Primary Outcome Measures :

1. Overall Response Rate - Actionable Genetic Alteration [ Time Frame: Patients will be evaluated monthly for response from the start of the study until the date of documented disease progression, assessed up to 2 years ]
   • To evaluate the overall response rate (ORR) with targeted agents used in combination with backbone regimen ixazomib, pomalidomide and dexamethasone (IPd) in patients with an actionable genetic alteration per the International Myeloma Working Group [IMWG] consensus criteria (Kumar et al, 2016)
2. Overall Response Rate - Non-Actionable Genetic Alteration [ Time Frame: Patients will be evaluated monthly for response from the start of the study until the date of documented disease progression, assessed up to 2 years ]
   • To evaluate the ORR with agents used in combination with backbone (or IPd) regimen in patients with no actionable genetic alteration per IMWG consensus criteria (Kumar et al, 2016).

Eligibility Criteria

• Ages Eligible for Study: 18 Years and older (Adult, Older Adult)
• Sexes Eligible for Study: All
• Accepts Healthy Volunteers: No

Criteria

Inclusion Criteria:

• Willing to be registered into the pomalidomide (POMALYST®) Risk Evaluation and Mitigation Strategy (REMS®) program
• Enrolled in the MMRF002 Molecular Profiling Protocol (NCT02884102) with report less than 120 days old
• Disease free of prior malignancies for ≥ 3 years with exception of currently treated basal cell, squamous cell carcinoma of the skin, carcinoma "in situ" of the cervix or breast, or prostate cancer not requiring therapy

• High risk patients with relapsed refractory multiple myeloma (RRMM), who have:

  • received at least one prior but no more than 3 prior therapies
  • exposed to both a PI and an IMiD

  • had early relapse after initial treatment Early relapse as defined by at least one of the following: (Relapse is defined as the IMWG uniform response)

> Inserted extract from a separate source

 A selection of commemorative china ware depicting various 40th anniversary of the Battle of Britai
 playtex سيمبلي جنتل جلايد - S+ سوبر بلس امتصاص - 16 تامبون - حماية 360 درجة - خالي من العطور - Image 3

    1. Relapse within 3 years of initiation of induction chemo therapy for post autologous stem cell transplantation (ASCT) followed by maintenance, or 18 months if unmaintained after ASCT
    2. Within 18 months of initial non-ASCT based therapy
• Patients must have progressed after their most recent treatment and require therapy for myeloma
• Females of reproductive potential must have a negative pregnancy test at baseline, be non-lactating, and willing to adhere to scheduled pregnancy testing
• Females of reproductive potential and males must practice and acceptable method of birth control

• Laboratory values obtained ≤ 14 days prior to registration:

  • Absolute neutrophil count (ANC) ≥ 1000/ul
  • Hemoglobin (Hgb) ≥ 8 g/dl
  • Platelet (PLT) ≥ 75,000/ul
  • Total bilirubin <1.5 x upper limit of normal (ULN) or if total bilirubin is >1.5 x ULN, the direct bilirubin must be ≤ 2.0 mg/dL
  • Aspartate aminotransferase (AST) <3 x ULN
  • Creatinine Clearance ≥ 30 mL/min

Measurable disease of Multiple Myeloma (MM) as defined by at least one of the following:

• Serum monoclonal protein ≥ 0.5 g by protein electrophoresis
• ≥200 mg of monoclonal protein in the urine on 24-hour electrophoresis
• Serum immunoglobulin free light chain (FLC) ≥10 mg/dL AND abnormal serum immunoglobulin kappa to lambda FLC ratio

• Monoclonal bone marrow plasmacytosis ≥30% (evaluable disease)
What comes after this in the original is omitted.